**Exercise objective:** Please repeat exactly the lines from the one containing "Chinese Blue and" through the last line of the records below, leaving out any pictures.
★ ★ ★ ★
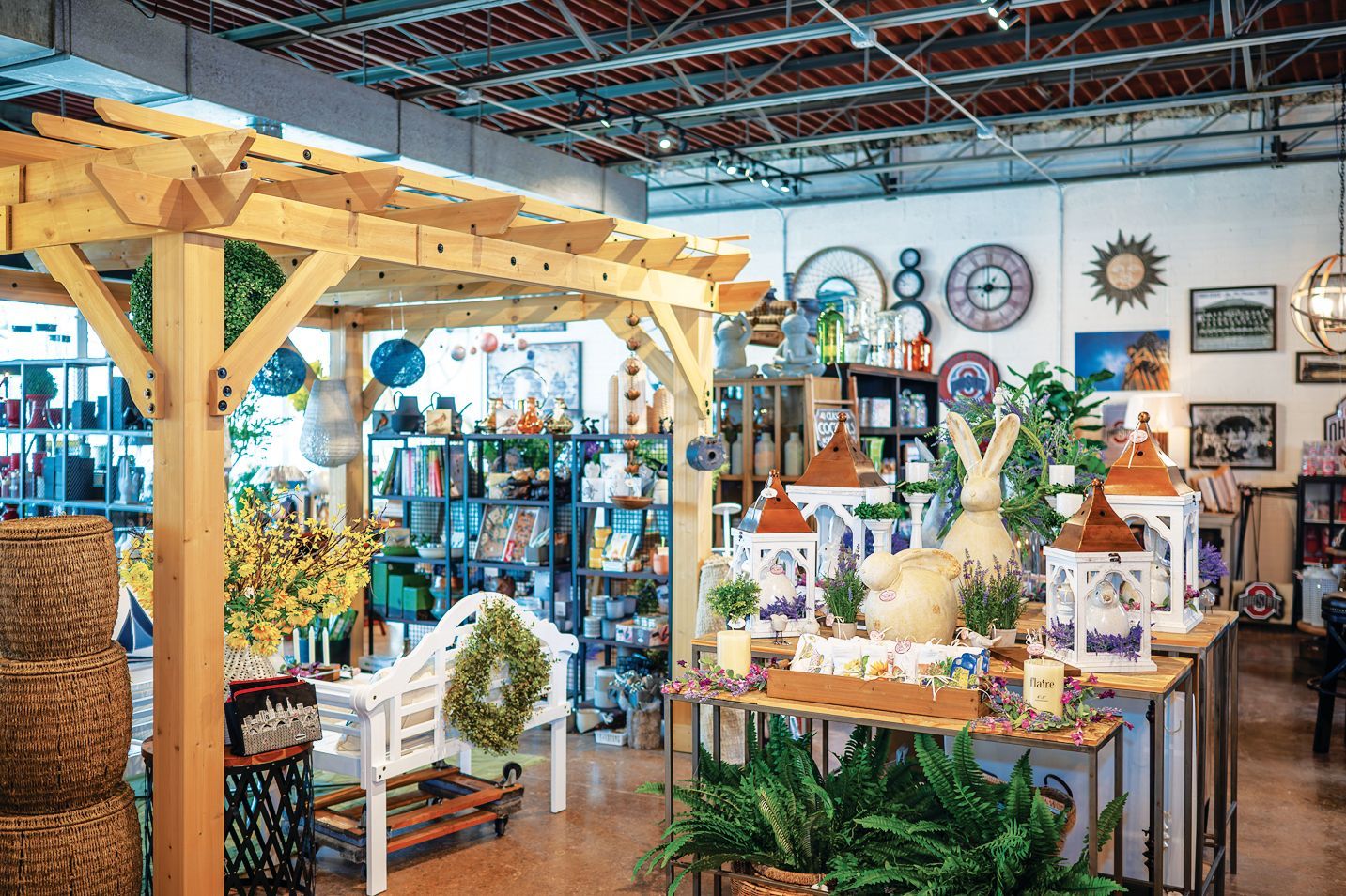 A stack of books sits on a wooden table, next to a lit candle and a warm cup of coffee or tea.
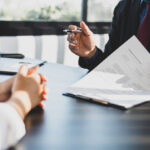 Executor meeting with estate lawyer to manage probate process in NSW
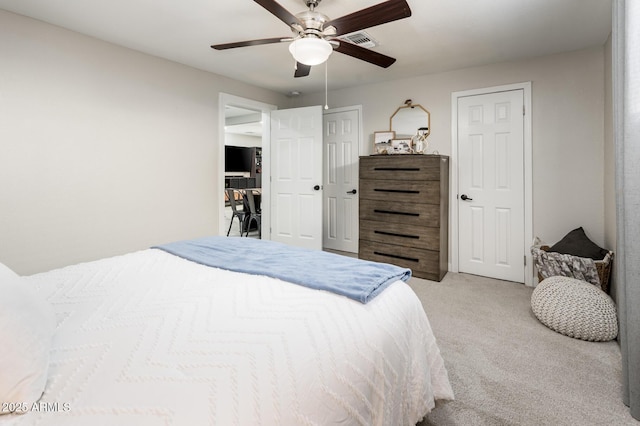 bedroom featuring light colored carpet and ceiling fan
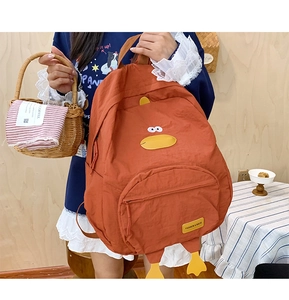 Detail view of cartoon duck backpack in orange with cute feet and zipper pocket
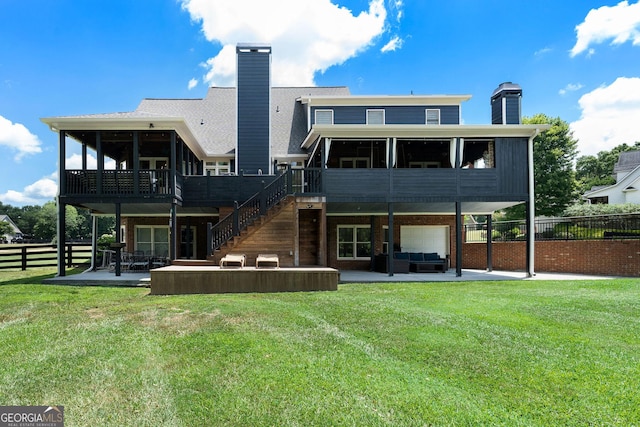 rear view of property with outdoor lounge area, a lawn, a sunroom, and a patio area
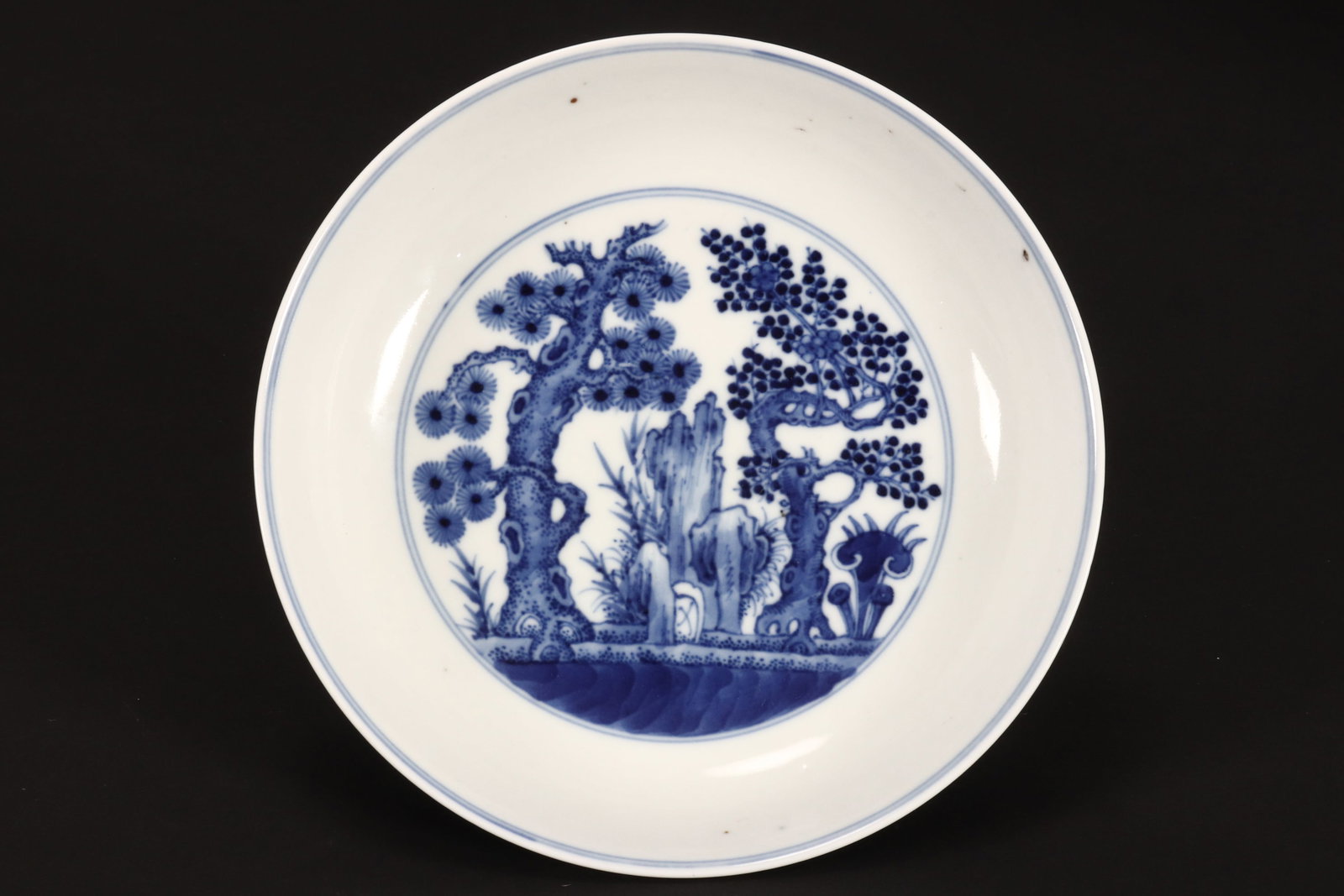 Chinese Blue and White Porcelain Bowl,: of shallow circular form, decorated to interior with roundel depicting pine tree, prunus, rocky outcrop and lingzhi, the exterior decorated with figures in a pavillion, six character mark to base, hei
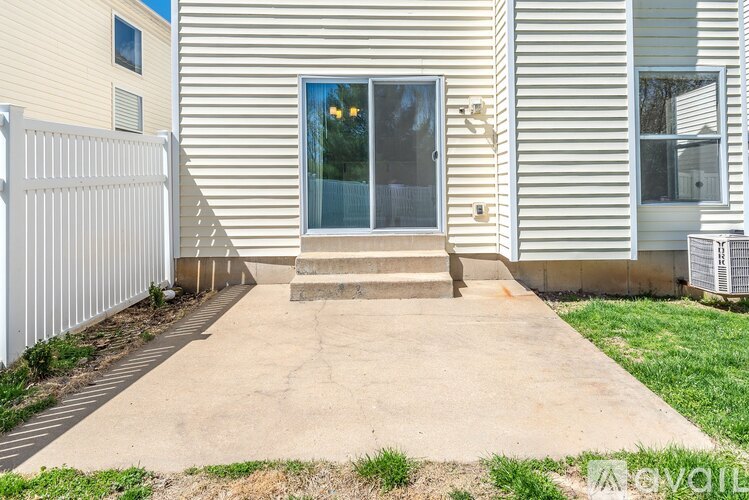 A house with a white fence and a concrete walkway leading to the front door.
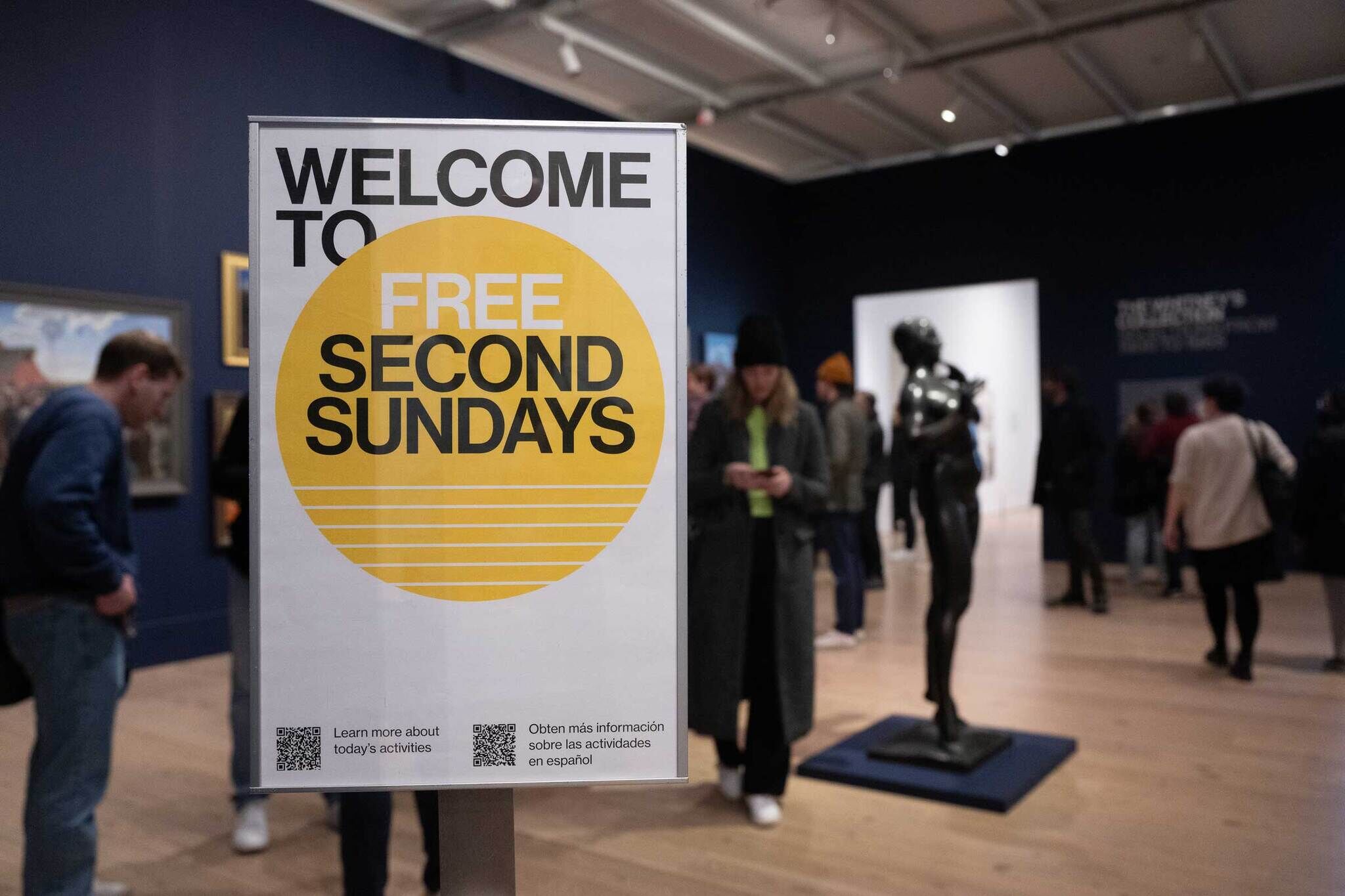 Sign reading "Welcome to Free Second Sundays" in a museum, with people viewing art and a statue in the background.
★ ★ ★ ★
**Answer space:**
 Chinese Blue and White Porcelain Bowl,: of shallow circular form, decorated to interior with roundel depicting pine tree, prunus, rocky outcrop and lingzhi, the exterior decorated with figures in a pavillion, six character mark to base, hei
 A house with a white fence and a concrete walkway leading to the front door.
 Sign reading "Welcome to Free Second Sundays" in a museum, with people viewing art and a statue in the background.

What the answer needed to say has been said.